This exercise uses salary data and game statistics for basketball players from the 2019-2020 NBA season. The data was collected from [Basketball-Reference](http://www.basketball-reference.com).

Run the next cell to load the two datasets.

In [None]:
player_data = Table.read_table('player_data.csv')
salary_data = Table.read_table('salary_data.csv')
player_data.show(3)
salary_data.show(3)

**Question 1.** We would like to relate players' game statistics to their salaries.  The `.join` method will merge two tables into one by matching information in a specified column.  The format is this:

first_table.join(<span style="color:#BA2121" >"First Variable Name" </span>, second_table, <span style="color:#BA2121" >"Second Variable Name" </span>)



Complete the `.join` statement below by replacing the ... with the name of the variable in salary_data table.  


In [None]:
full_data = player_data.join("Player", salary_data, "...")
full_data

Basketball team managers would like to hire players who perform well but don't command high salaries.  From this perspective, a very crude measure of a player's *value* to their team is the number of 3 pointers and free throws the player scored in a season for every **\$100000 of salary** (*Note*: the `Salary` column is in dollars, not hundreds of thousands of dollars). For example, Al Horford scored an average of 5.2 points for 3 pointers and free throws combined, and has a salary of **\$28 million.** This is equivalent to 280 thousands of dollars, so his value is $\frac{5.2}{280}$. The formula is:

$$\frac{\text{"PTS"} - 2 * \text{"2P"}}{\text{"Salary"}\ / \ 100000}$$

**Question 2.** Create a table called `full_data_with_value` that's a copy of `full_data`, with an extra column called `"Value"` containing each player's value (according to our crude measure).  Then make a histogram of players' values.  **Specify bins that make the histogram informative and don't forget your units!** Remember that `hist()` takes in an optional third argument that allows you to specify the units, such as unit <span style="color:#AA22FF" ><b>=</b></span> <span style="color:#BA2121" > "Pts / $100K" </span>. Refer to the python reference to look at `tbl.hist(...)` if necessary.
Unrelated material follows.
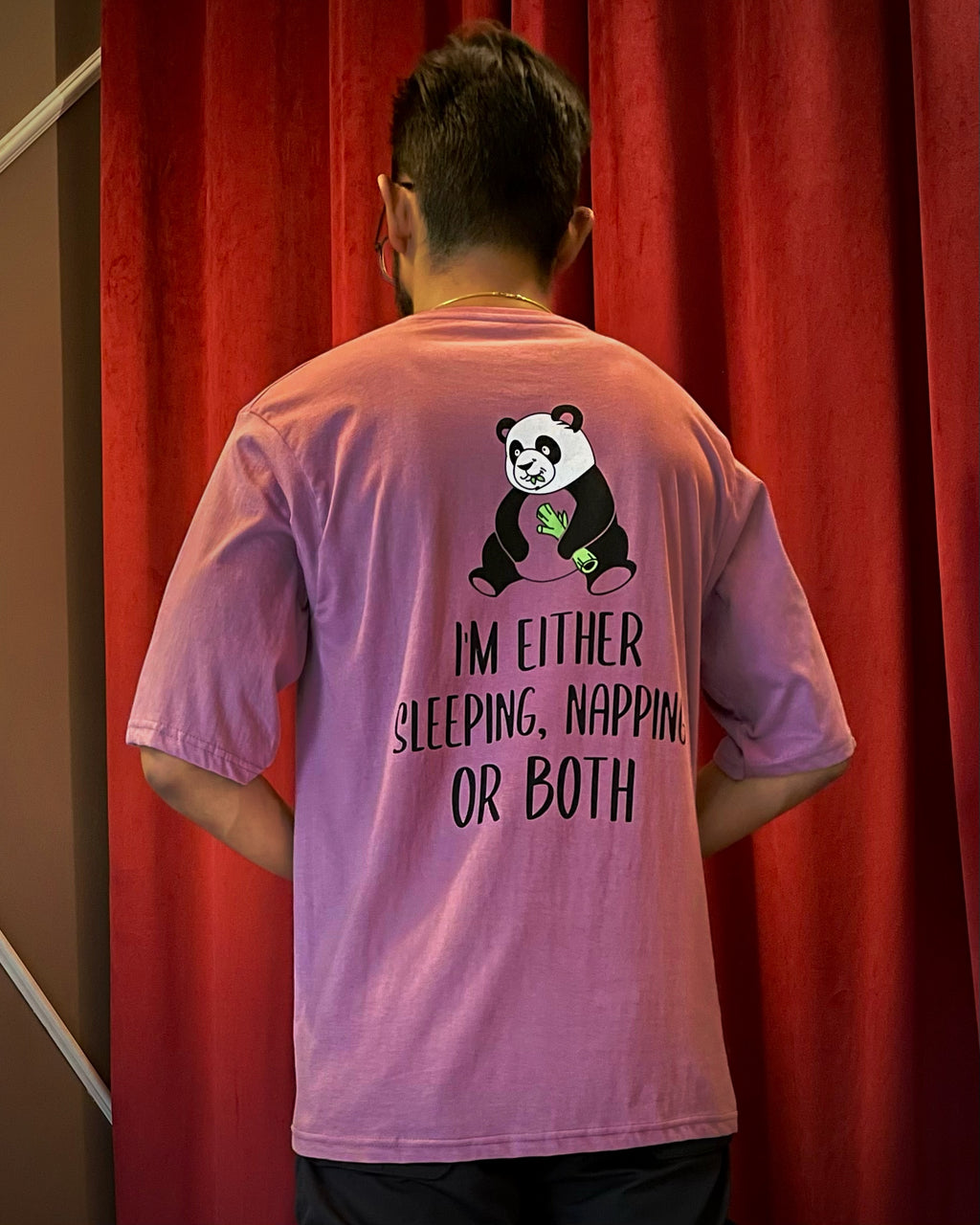 (Lilac) Sleeping Panda Front-Back Graphic Oversized Tee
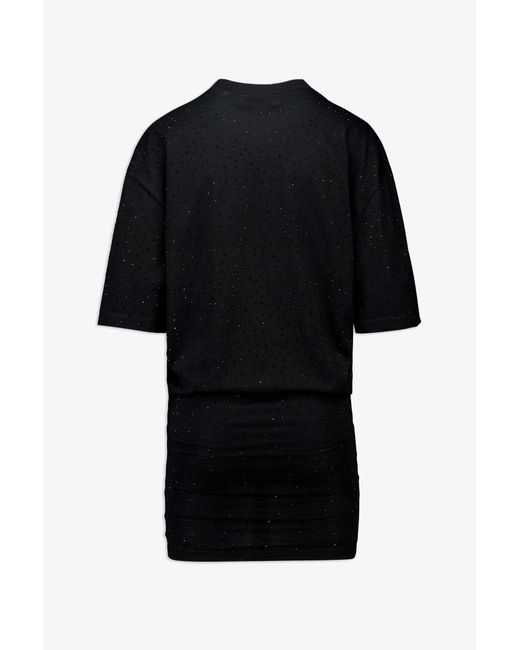 Laneus Black Jersey Dress Cotton Mini Dress With Crystals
*Just so you know:* Informative histograms contain a majority of the data and **exclude outliers**



In [None]:
bins = np.arange(0, 0.7, .1) # Use this provided bins when you make your histogram
value = ...


full_data_with_value = ...




In [None]:
full_data_with_value.bin("Value", bins=bins)

Now suppose we weren't able to find out every player's salary (perhaps it was too costly to interview each player).  Instead, we have gathered a *simple random sample* of 50 players' salaries.  The cell below loads those data.

In [None]:
sample_salary_data = Table.read_table("sample_salary_data.csv")
sample_salary_data.show(3)

**Question 3.** Make a histogram of the values of the players in `sample_salary_data`.  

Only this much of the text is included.